#### What to produce:
Two lines below mark the span: the one containing "Used 2024 Toyota Sienna XLE FWD image 18" and the one containing "2278 Twilight Dr, Aurora, IL". Set down both, plus every line between, exactly as they stand, and nothing else.
START Listed records
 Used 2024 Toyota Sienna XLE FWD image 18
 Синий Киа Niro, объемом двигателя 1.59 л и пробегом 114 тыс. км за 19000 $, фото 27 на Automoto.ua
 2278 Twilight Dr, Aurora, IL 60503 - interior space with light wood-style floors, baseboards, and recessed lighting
END Listed records
START Listed records
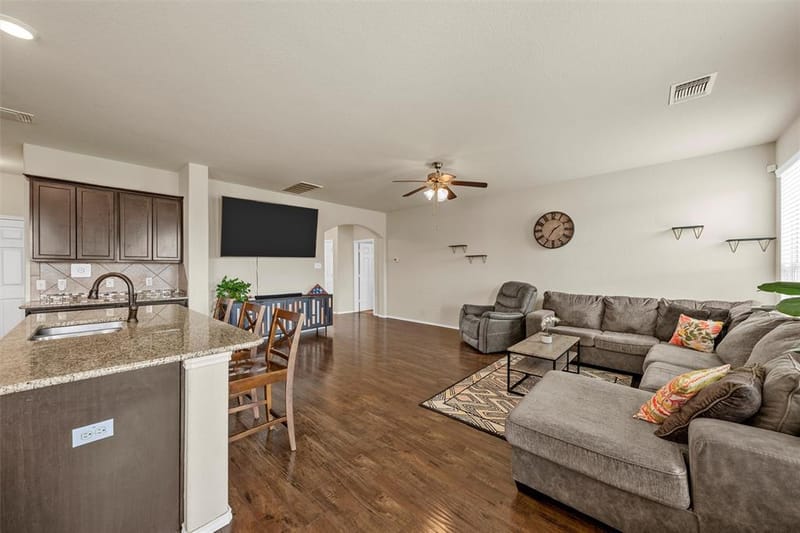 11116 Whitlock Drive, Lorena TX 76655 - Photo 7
END Listed records
#### Response to the task:
 Used 2024 Toyota Sienna XLE FWD image 18
 Синий Киа Niro, объемом двигателя 1.59 л и пробегом 114 тыс. км за 19000 $, фото 27 на Automoto.ua
 2278 Twilight Dr, Aurora, IL 60503 - interior space with light wood-style floors, baseboards, and recessed lighting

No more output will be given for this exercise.